Picking a Pheasant Load

Selecting good pheasant load candidates isn't very difficult, providing you don't skip the critical step of patterning your shells at the ranges you want to be effective at. If you skip the patterning part, you might as well be shooting blind as you have no way to differentiate between shells-- they all look similar before they are fired. Nor can you tune your pattern to be the most effective, meaning the largest effective spread at the ranges you're working with.

If you shoot steel, the choice is #2 steel. This have been proven to be the best shot size for pheasants with steel, at all ranges, by Tom Roster's multiple year study. There is no question about it. Steel shotshell and choke combinations pattern wildly different, so only the pattern board with five shot pattern averages can show the more effective combinations for you.
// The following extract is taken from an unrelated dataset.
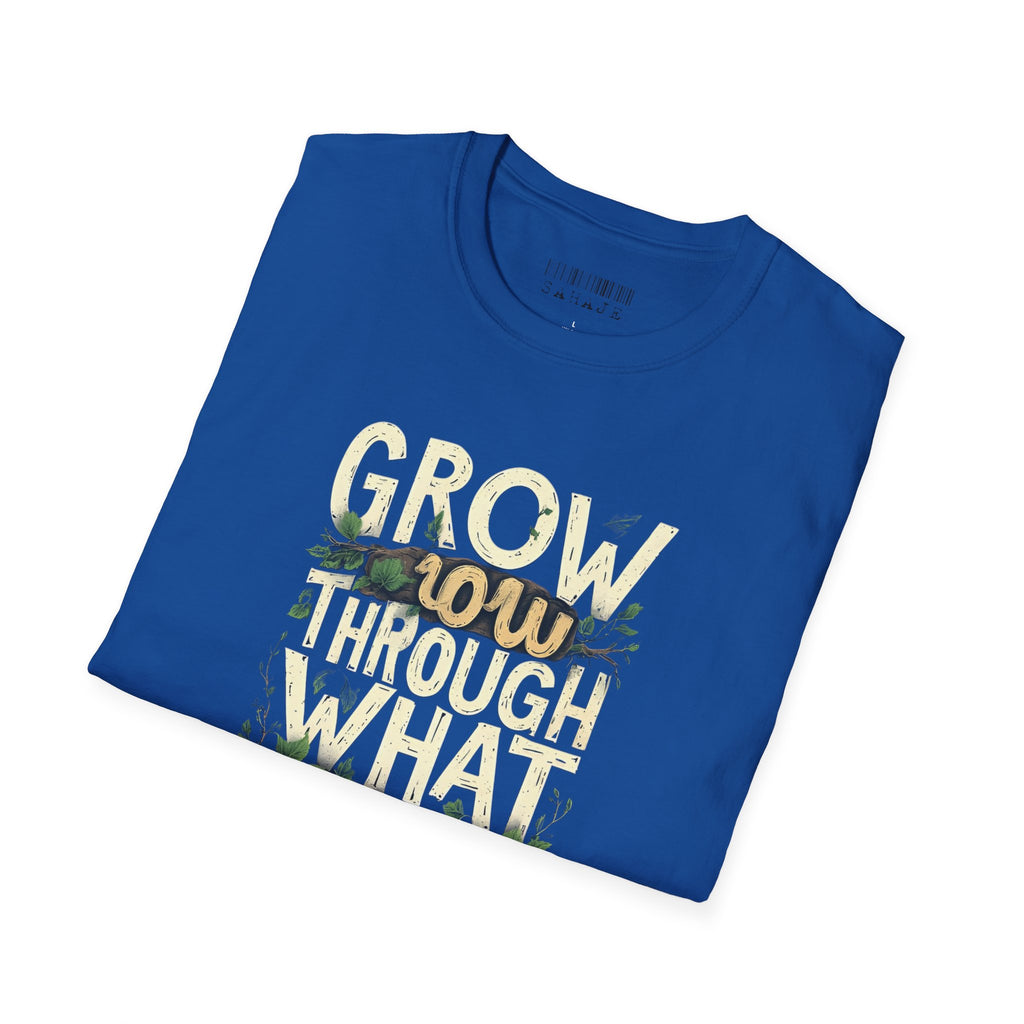 Grow Through What You Go Through T-Shirt — Inspirational Plant Design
With lead, Kent Tungsten-Matrix, or Nice Shot, there is little doubt that #5 shot is the best choice, the most effective at all ranges. When #5 falls off, past fifty yards, going to #4 will reduce your pellet count so much as to reduce your effective pattern size exactly when you don't want it-- at extended ranges. Though lots of things may work, that isn't the idea of hunting for sport at all. It isn't simply that it can work, or it has worked, it is what wounding ballistics have shown will yield 100% game recovery if we hit what we are shooting at. The problem with alleged “misses,” is that we will never know if that's what they are. With 500 pellets or more in a shot cloud, if we don't go pick him up we might as well be feeding the coyotes. No one can account for all 500 pellets at thirty yards, much less fifty years. If we think we can control a pellet, then we likely should be pheasant hunting with air rifles. We can't, though . . . that's why we use 500 pellet payloads.
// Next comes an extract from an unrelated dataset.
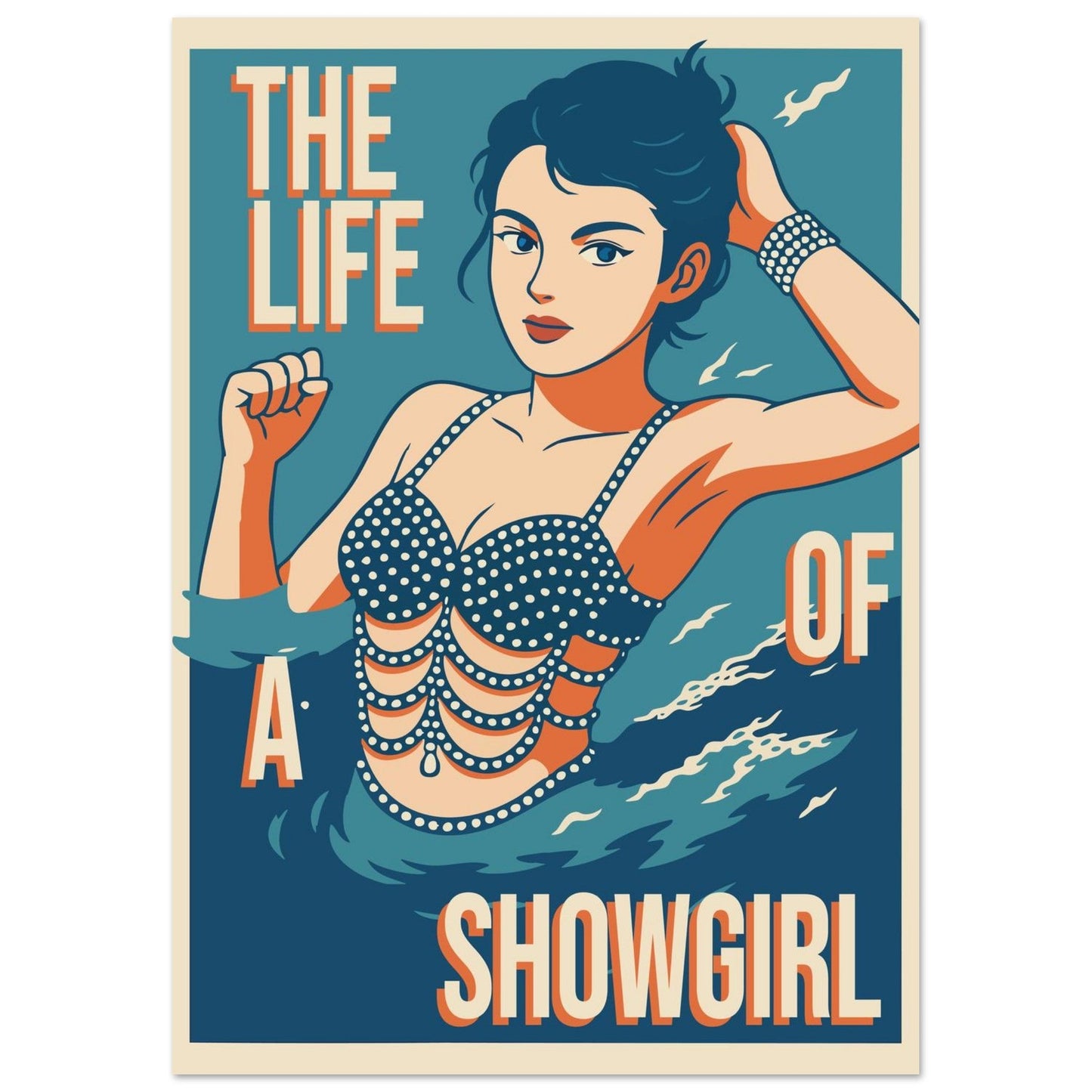 The Life Of A Showgirl  - Premium Matte Paper Poster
Here is a comparison of 1-1/8 oz. #2 steel, 1-1/4 oz. #5 lead, and #5 1-1/8 oz. Kent Tungsten-Matrix or Nice Shot. 1-1/8 oz. steel indicates 12 gauge due to case capacity, but 1-1/4 oz. and 1-1/8 oz. lead and Kent TM loads are twenty gauge loads as well as sixteen gauge shotshells, the shotguns I've used most to take wild pheasants every year for over forty-five years by now.

You'll quickly note that even faster muzzle velocity steel looks pretty sad compared to lead or Tungsten-Matrix at 40 yards. Beyond that, it just gets worse. You'll get more penetration with lead and Kent TM, over 27% more at 40 yards, 37% more at 50 yards. At fifty yards, while Kent TM and Nice Shot give you nearly 1-3/4 inches of penetration (1.73 in.), #2 steel is down to less than an inch and a half (1.36 inches).

Also, note that with identical payload mass, 1-1/8 oz., Kent TM and Nice Shot loads can be substantially lower recoil loads as well, never a bad thing when taking that second bird quickly. A "Modified Choke" pattern percentage from lead or Kent TM is better than a 100% steel pattern, and due its larger effective spread, a better choice for pheasants without question.

Effective pattern size is far, far better with identical payloads of Kent TM or Nice Shot as well. We have 40% more pellets compared to #2 steel (same payload) that ensures that. What you choose is what you use, of course, but the benefits of lead or Kent TM compared to steel are 37% better penetration at 50 yards, and 40% more pellets to form an effective pattern with, with the bonus of less recoil as well.

It gets better. Comparing 1-1/4 oz. #5 lead (20 gauge, 3 in.) vs. 1-1/8 oz. Federal Heavyweight #7 (20 gauge 2-3/4 in.) at 50 yards:

The lowest recoil load of all listed here, the 1100 fps Federal 1-1/8 oz. #7 Heavyweight 2-3/4 inch 20 gauge shell, handily outperforms all of the above. More penetration at 50 yards than our faster #2 12 gauge steel load has at 40 yards with a comparatively huge pellet count. The Federal Heavyweight #7 1-1/8 oz. load essentially does at 50 yards what our 1-1/4 oz. #5 lead load manages at 40 yards. HWT #7 vs. #5 lead at 50 yards is no contest: Heavyweight #7 yields less recoil, 15% more pellets, better energy density, and over 22% better penetration.

It has better penetration at 60 yards (1.68 in.) than #5 lead at 50 yards, and better penetration at 60 yards than faster steel #2 has at 40 yards. That's a whopping 50% greater range with an 1100 fps Federal Heavyweight #7 20 gauge shell vs. a 1400 fps 12 gauge #2 steel load . . . with 77% more pellets in the shot cloud.

If you really think you want steel: use #2. If you need no-tox with lead performance (safe for lead only barrels and chokes), use #5 Kent Tungsten Matrix or #5 Nice Shot. If you want a low-recoil 50 yard plus pheasant load, use the 1-1/8 oz. Federal Heavyweight #7 load.